The answer is likely to be 'no' and it will be interesting to see how they fare against Carbery in round 2A of the championship in Dunmanway on Sunday, when there's the safety of another game should the result go against them.
There's no denying the Haven are in transition and it will take time for their youngsters to find their feet, but injuries and Cork commitments have taken a big toll, as well.
The Hurley brothers, Brian and Michael, have both suffered with injuries, especially the former, while Michael's involvement with Cork also restricted his availability.
It was the same with Mark Collins and Damien Cahalane and any club with county players knows, first hand, the problems associated with trying to free them up to play in league games.
The Haven are in good company because across the county bounds, Austin Stacks, the Munster Club champions in 2014, also lost their top-flight status in Kerry.
The Tralee club won just two of their 10 games to finish bottom of the table and relegated to division 2 next season.
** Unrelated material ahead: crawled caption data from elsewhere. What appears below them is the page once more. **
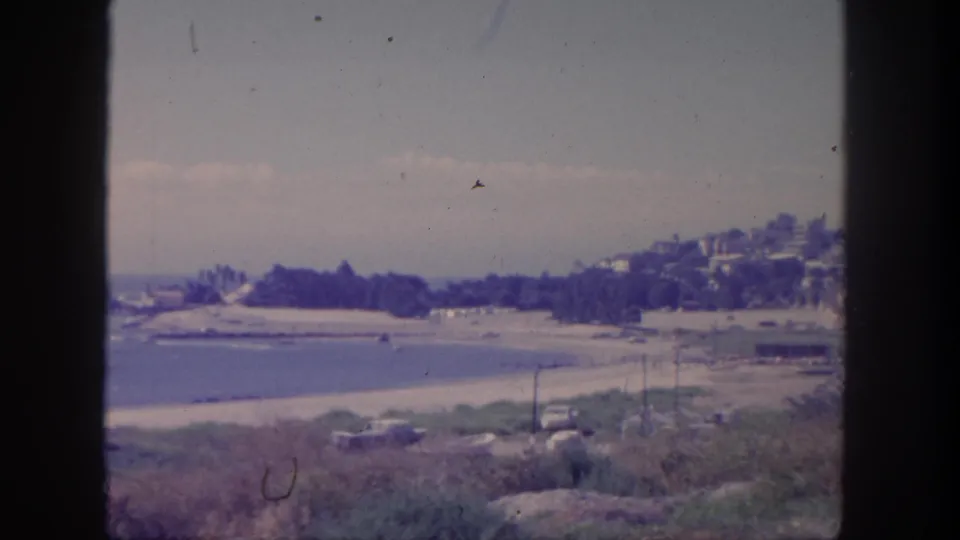 1962 San Pedro frame looking down on shoreline, blue water, hillside houses, low vegetation, cars, and utility poles.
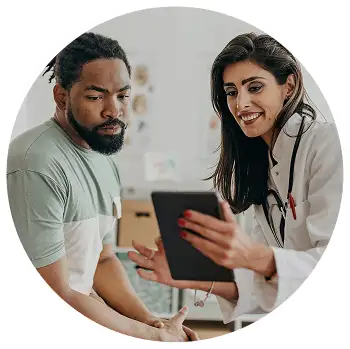 Doctor and patient reviewing MyOme test resources on a tablet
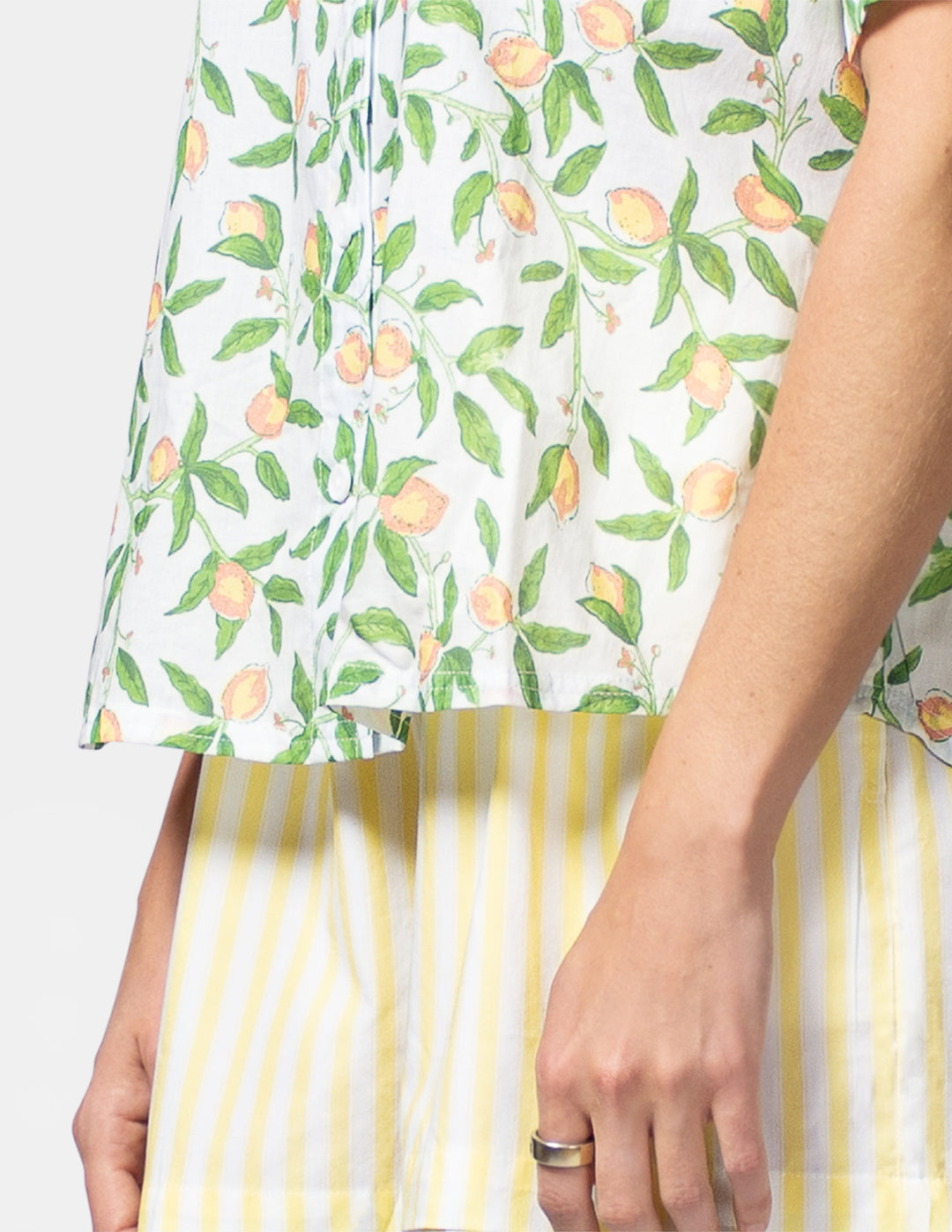 Person wearing a white shirt with lemon and leaf pattern and yellow striped shorts.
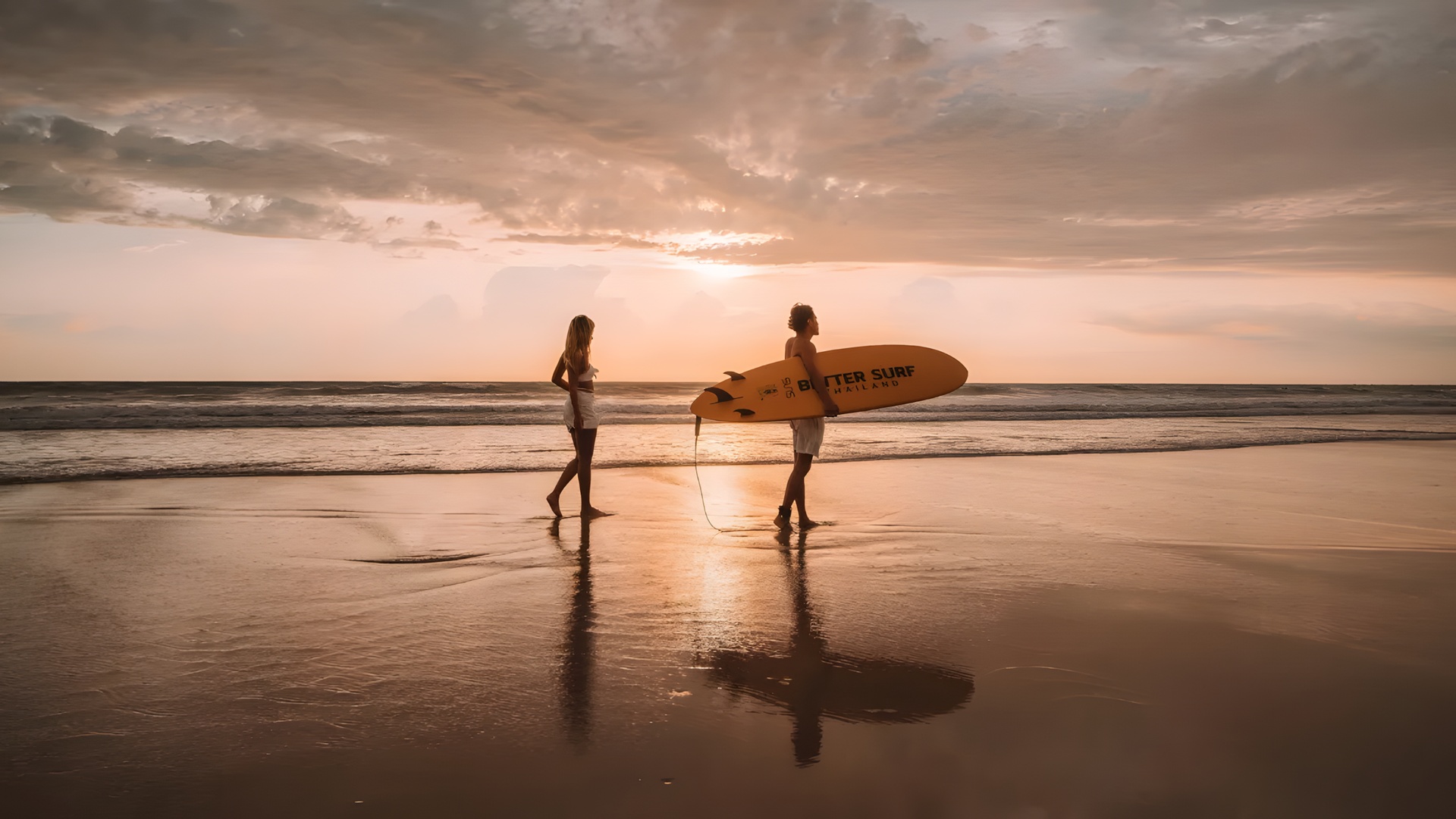 Couple on a beach at sunset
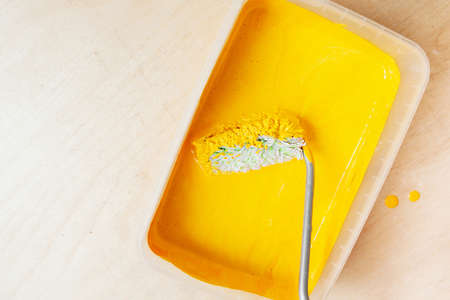 roller collects a bright yellow paint before painting from a transparent form on the plywood...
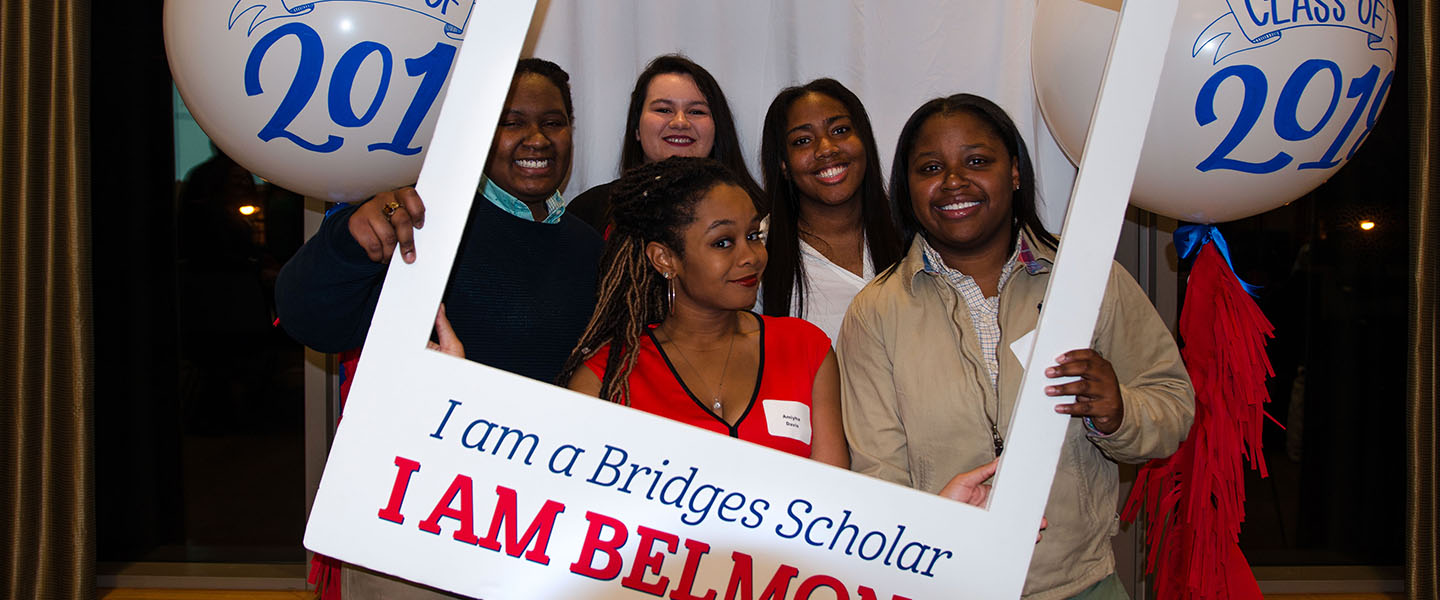 Five Bridges to Belmont Scholars posing for a photo in a photo frame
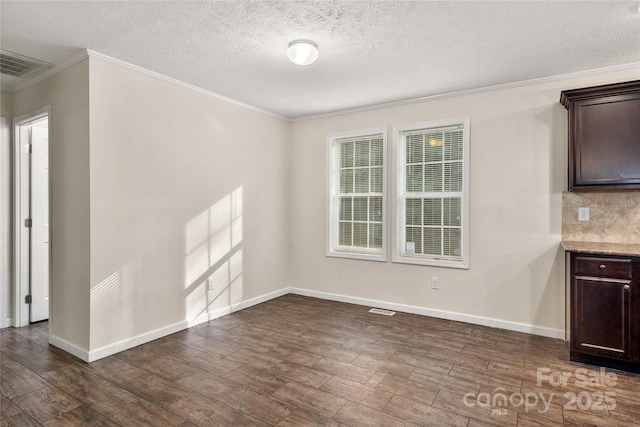 61 Evelyn Acres Dr, Asheville, NC 28806 - unfurnished dining area featuring ornamental molding, dark wood-style floors, and a textured ceiling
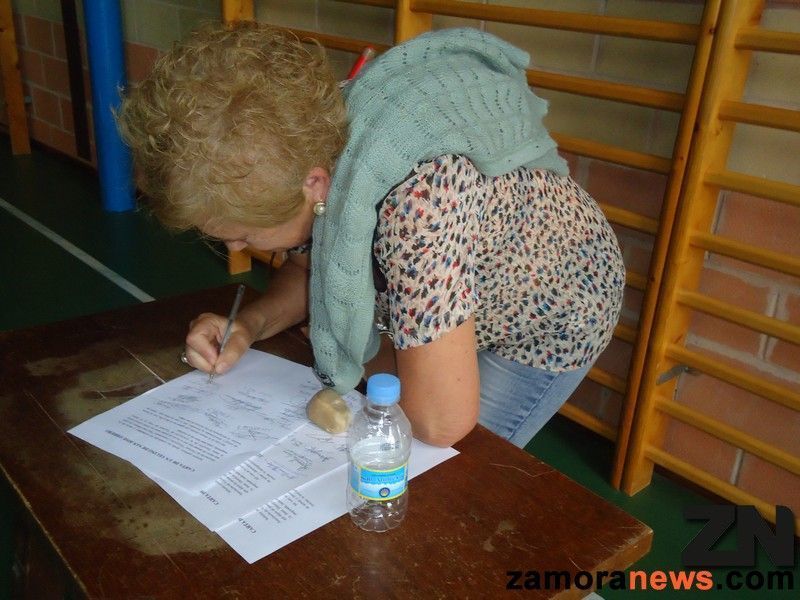 Una vecina de San José Obrero firma un escrito en la asamblea vecinal de ayer.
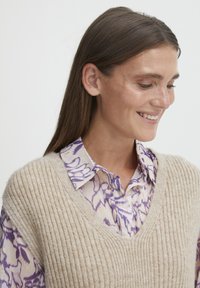 Gilet a coste beige in maglia sovrapposto a una blusa floreale lilla con colletto. I tessuti sembrano morbidi, con trame e motivi distintivi.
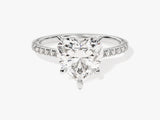 Heart-shaped diamond engagement ring with pave band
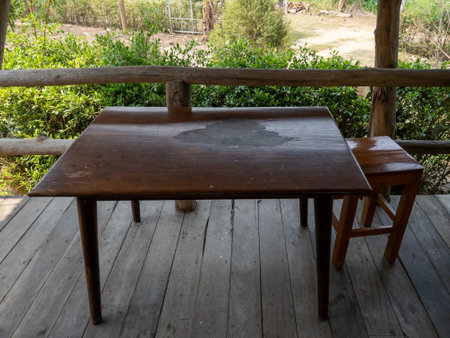 The minimal style of the teak table and stool on the terrace of the wooden house in the countryside village, front view with the copy spaceの写真素材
Stacks are in the quarter-final of the championship, though, and due to meet West Kerry after the county team's All-Ireland campaign comes to an end.
Who accompanies the Haven in the drop zone is impossible to predict because a mere three points separate Nemo and Valleys on nine points to Ilen and Mallow on six with about a dozen games remaining.
Ballincollig continue to set the pace at the top followed by county champions, Carbery Rangers, in second, and the pair look poised for the semi-finals. As to who joins them is another matter entirely.
And just how clubs are going to fit in their remaining league games in an already packed schedule is one more issue.
A couple of clubs operating in the intermediate and premier intermediate championships lead the hunt to replace the Haven and one other.
Cill na Martra, one of the fancied sides for the intermediate title, are having a great season at the top of division 2 and through to the semi-final of the county U21 championship, as well.
Macroom, who'll have a crack off an impossible to predict premier championship, are also chasing promotion while Kiskeam, Douglas and Clyda Rovers are also in the frame.
Curiously, a couple of senior clubs, who were relegated from division 1 at the end of last season, are in danger of suffering back-to-back demotions.
Division 3 football beckons for Bishopstown, who've lost all six games, and Newcestown, who've managed one win in seven.
Naomh Abán, who are out of the premier intermediate championship, are also vulnerable while Éire Óg could be dragged into the equation, too.
Five clubs are in the chase for division 3 promotion.